Wir wollten an diesem Tag nach Daleville wandern und machten uns deswegen bald auf den Weg, denn es war morgens schon warm und wieder sehr schwül. Das Wetter gab uns an dem Tag den Rest, wir tranken beide 4-6 Liter Wasser, gaben auch Elektrolyte dazu, aber irgendwie fühlten wir uns nicht fit. Wir hatten nix trockenes mehr am Körper und die Sonne stach regelrecht. In der Ferne hörten wir schon wieder das nächste Gewitter, aber es zog nicht zu uns, sondern hing am nächsten Ridge fest. Wir kamen dem Ort Daleville näher und die Straße dröhnte uns entgegen. Wir freuten uns, am Ort angekommen zu sein, aber dieser Verkehrslärm ist erschreckend, vor allem, wenn man tagelang nur Vogelgezwitscher, Regentropfen, Wind oder Gewitter gehört hat.
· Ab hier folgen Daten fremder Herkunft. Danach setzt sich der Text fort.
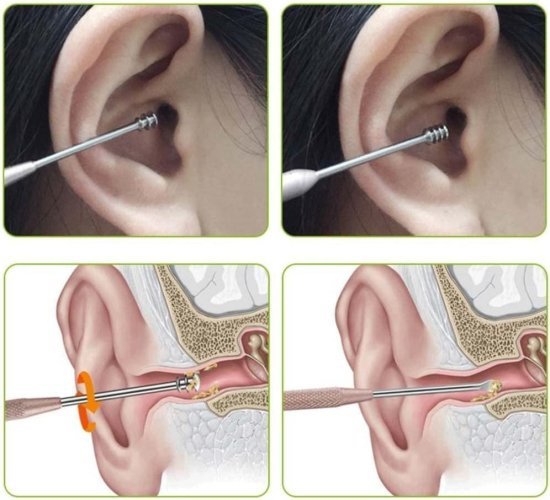 6 in 1 Ear Wax Cleaner set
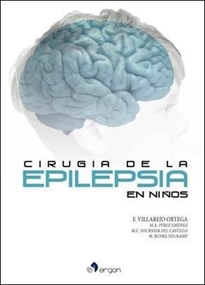 Books Frontpage Cirugía de la epilepsia en niños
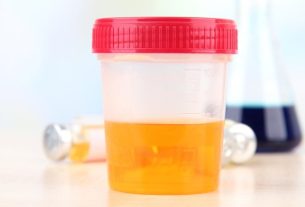 Urobilinogen in urine: what it can be and what to do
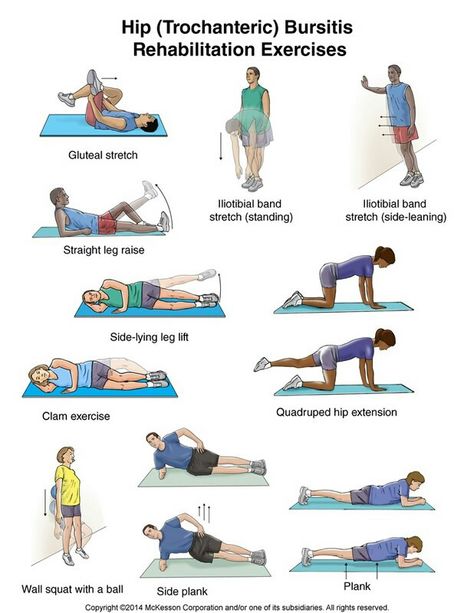 Bursitis Hip Pain Diagnosis Chart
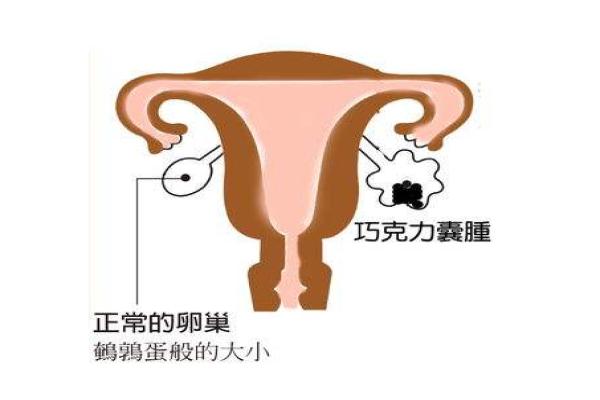 患有左侧卵巢囊肿在济南做供卵试管婴儿的费用是多少？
Wir brauchten nicht weit zum Howard Johnson Inn zu laufen, wir checkten ein und erkannten einige andere Hiker, die ebenfalls hier abgestiegen waren.
Das wars also für dieses Jahr mit dem Trail, wandernd zumindest, wir wollen hier aufhören und dann mit dem Auto Richtung New York fahren. Wir hatten uns für diesen letzten Abschnitt des Sabbatjahres einfach zuviel vorgenommen und mußten das leider auch deswegen mit einigen gesundheitlichen Problemen bezahlen. Aber es war trotzdem wieder eine besondere Zeit auf dem Trail und wir haben viele tolle Menschen kennengelernt, nicht nur Trailangel, sondern auch andere Hiker, denen wir für ihren Thru-Hike weiterhin alles Gute wünschen: Pälzer, Mr.Toad, Penguin with Squeaker, Cat, Kat, Pockets, Silver Bullet, Learning and Roots, Botany and Pending, Delaware, Atlas (male), Atlas (female), John, Hoff, Puzzle, Giggles, Alpine, Honeybun, Solo Amigo, Mama Bear, Deliberate, Ismael, Duck, Hawk, Zen, Twirls, Mowgli, Grizzleybear from Maine...
Macht es gut, ihr Lieben, es war toll, mit euch ein Stück zu gehen, das Shelter oder die Campsites zu teilen, bleibt Blasen- und Shint Splints frei und grüßt Katahdin von uns!